● Data section:
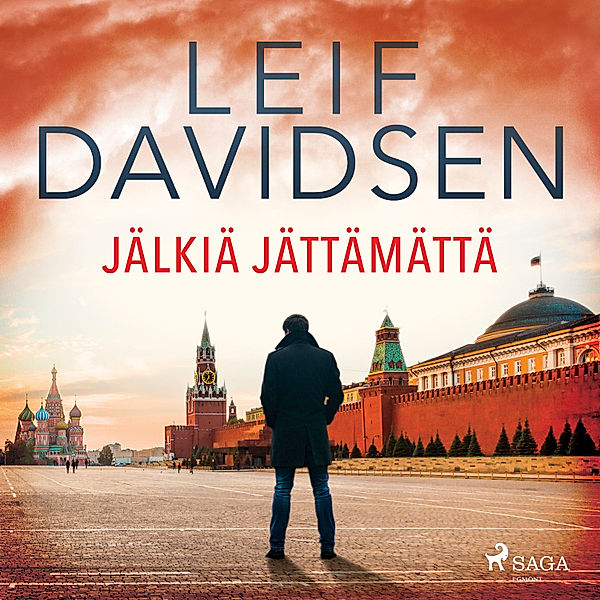 Jälkiä jättämättä, Leif Davidsen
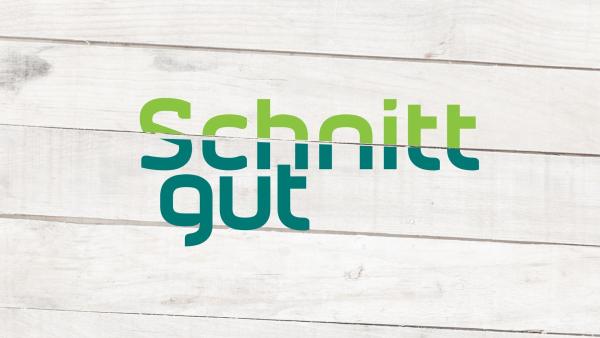 Bild 1 von 2: Logo zur Sendung Schnittgut. Alles aus dem Garten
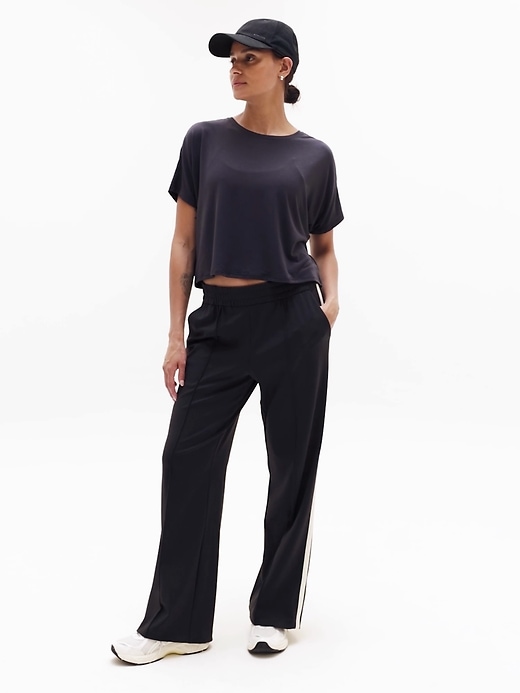 Image number 4 showing, With Ease Crop Tee
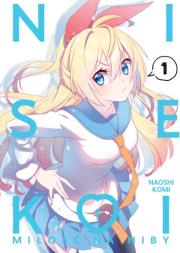 Okładka książki NISEKOI: Miłość na niby. Tom 1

● Exercise description: Return the complete material exactly as given, excluding images.

● Output:
 Jälkiä jättämättä, Leif Davidsen
 Bild 1 von 2: Logo zur Sendung Schnittgut. Alles aus dem Garten
 Image number 4 showing, With Ease Crop Tee
 Okładka książki NISEKOI: Miłość na niby. Tom 1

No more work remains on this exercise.